Top of The input
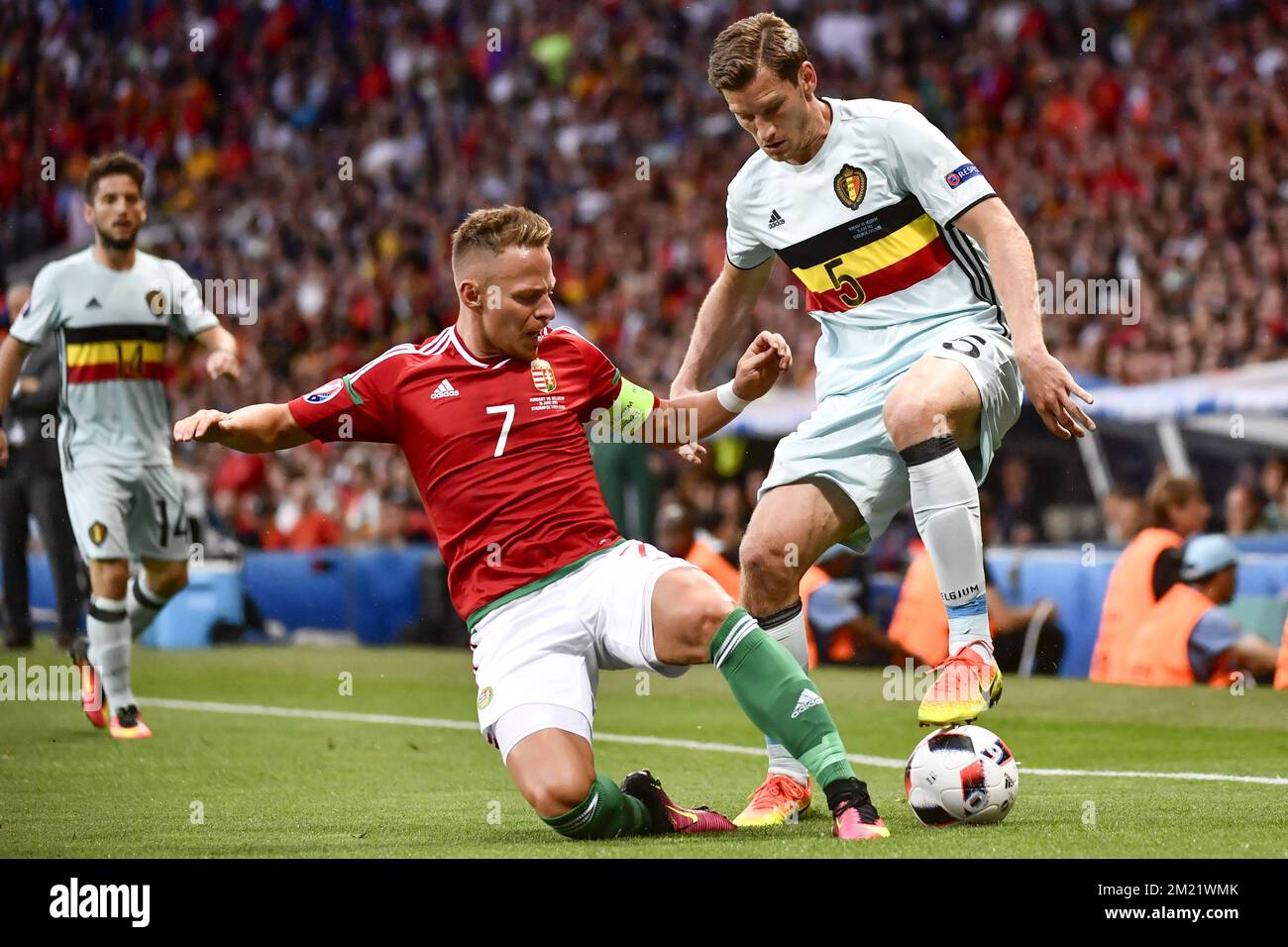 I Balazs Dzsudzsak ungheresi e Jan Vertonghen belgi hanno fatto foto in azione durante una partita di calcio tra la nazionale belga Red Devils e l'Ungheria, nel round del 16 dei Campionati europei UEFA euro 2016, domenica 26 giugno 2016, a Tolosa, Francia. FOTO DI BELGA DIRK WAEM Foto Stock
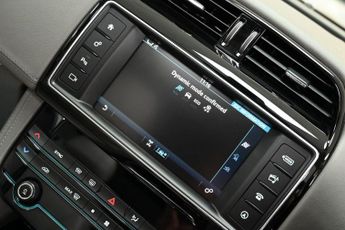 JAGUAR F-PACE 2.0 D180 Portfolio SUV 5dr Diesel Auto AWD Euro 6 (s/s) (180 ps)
Bottom of The input
Top of The input
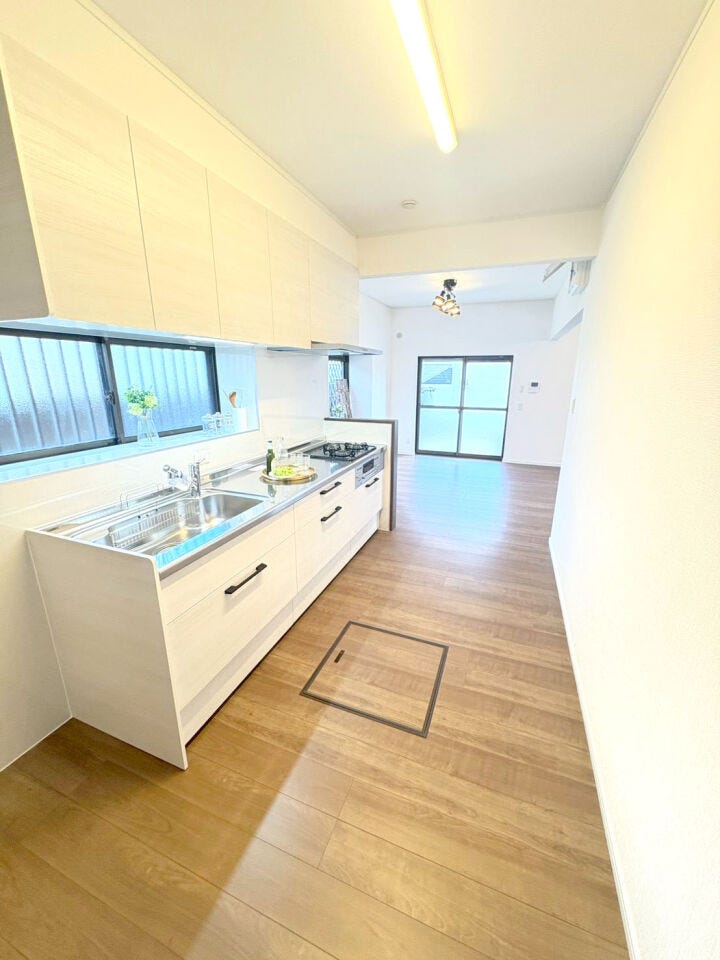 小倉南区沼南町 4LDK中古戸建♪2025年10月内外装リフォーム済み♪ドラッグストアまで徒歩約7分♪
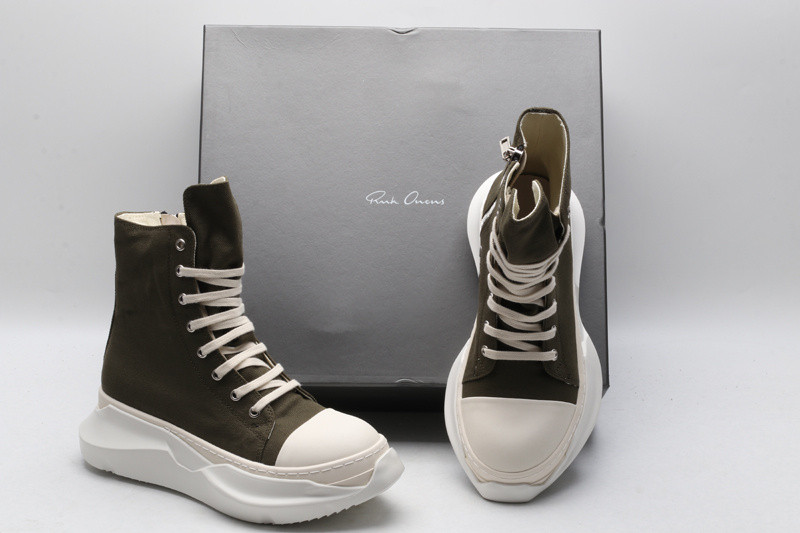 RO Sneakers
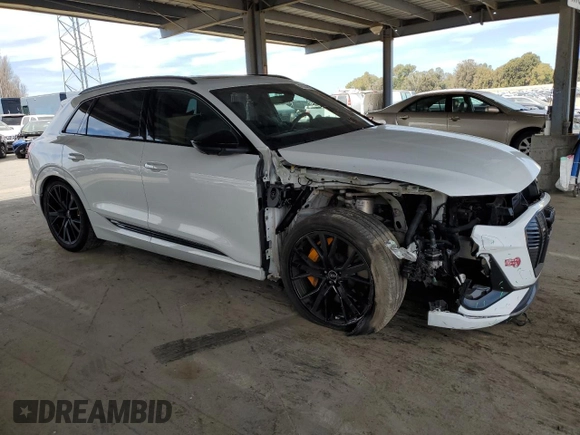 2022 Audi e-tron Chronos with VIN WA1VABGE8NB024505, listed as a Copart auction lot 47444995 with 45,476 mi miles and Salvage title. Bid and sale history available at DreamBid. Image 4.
Bottom of The input
■ **Task requirements**:
Return exactly the lines of the material above, starting at the line containing "I Balazs Dzsudzsak" and finishing at the line containing "JAGUAR F-PACE 2.0", without any pictures.

■ **Exercise solution**:
 I Balazs Dzsudzsak ungheresi e Jan Vertonghen belgi hanno fatto foto in azione durante una partita di calcio tra la nazionale belga Red Devils e l'Ungheria, nel round del 16 dei Campionati europei UEFA euro 2016, domenica 26 giugno 2016, a Tolosa, Francia. FOTO DI BELGA DIRK WAEM Foto Stock
 JAGUAR F-PACE 2.0 D180 Portfolio SUV 5dr Diesel Auto AWD Euro 6 (s/s) (180 ps)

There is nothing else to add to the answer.